Short descriptive text snippets
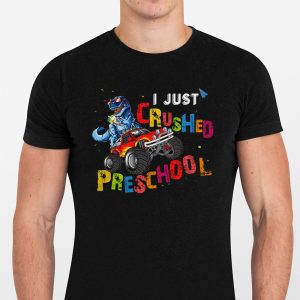 Back To School I Just Crushed Preschool Dinosaur TRex Monster Truck T-Shirt 3 4 I Just Crushed Kindergarten Dinosaur TRex Monster Truck T Shirt g 4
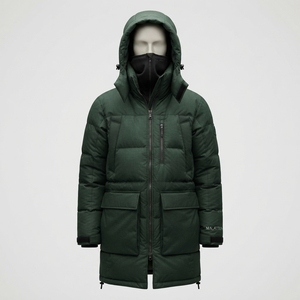 Veste d'hiver matelassée à capuche pour homme, vert foncé, multi-poches, fermeture éclair intégrale, isolée, décontractée, longue, pour l'extérieur - Product Image 1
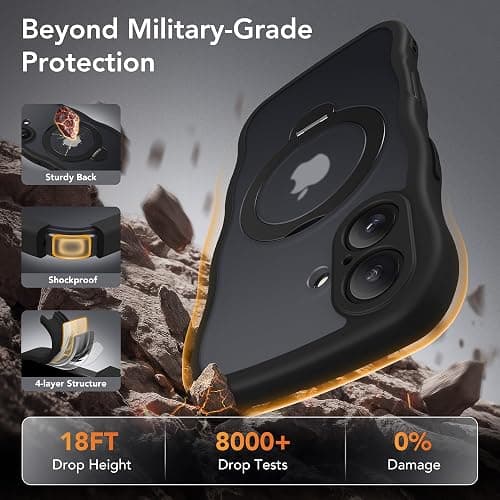 GolbinBox for iPhone 16 Case, [Compatible with Magsafe][360° Spin Magnetic Stand][Military-Grade Protection][Camera Control][Cute Wave Edge] Translucent Matte Women Phone Cover for iPhone 16, Black thumbnail 6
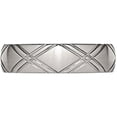 thumbnail image 4 of Stainless Steel Criss-Cross Design 6mm Brushed and Polished Band, Available in Multiple Sizes, 4 of 10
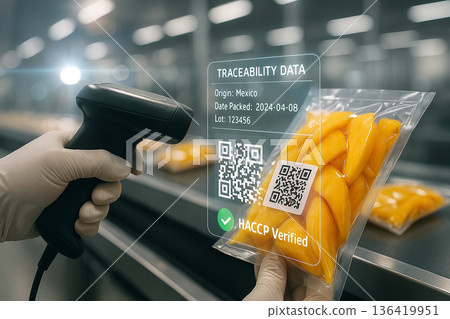 Inspector scanning packaged fruit product to verify HACCP compliance using barcode reader and digital traceability system in food safety facility Inspector scanning packaged fruit product to verify HACCP compliance using barcode reader and digital traceability system in food safety facility 136419951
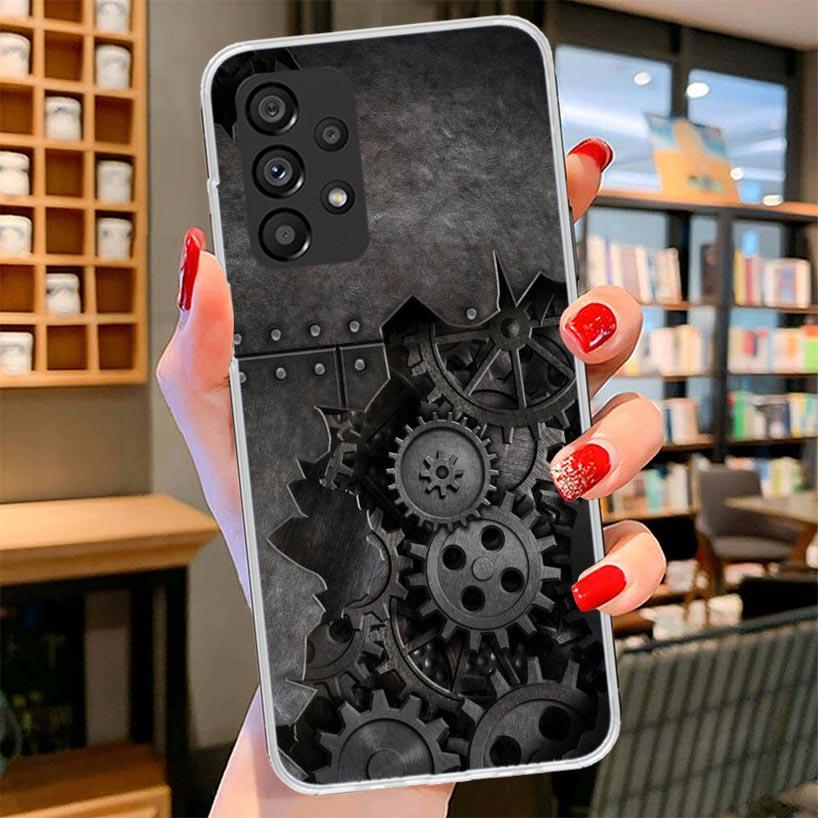 Стимпанк шестеренка Механический чехол для телефона для Samsung Galaxy A17 A37 A57 A16 A26 A36 A56 A15 A25 A35 A55 A14 A24 A34 A54 A13 A23 A33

WHAT YOU HAVE TO DO: Out of the records above, return only the lines from the one with "GolbinBox for iPhone" through the one with "thumbnail image 4", exactly, and none of the pictures.

ANSWER AREA:
 GolbinBox for iPhone 16 Case, [Compatible with Magsafe][360° Spin Magnetic Stand][Military-Grade Protection][Camera Control][Cute Wave Edge] Translucent Matte Women Phone Cover for iPhone 16, Black thumbnail 6
 thumbnail image 4 of Stainless Steel Criss-Cross Design 6mm Brushed and Polished Band, Available in Multiple Sizes, 4 of 10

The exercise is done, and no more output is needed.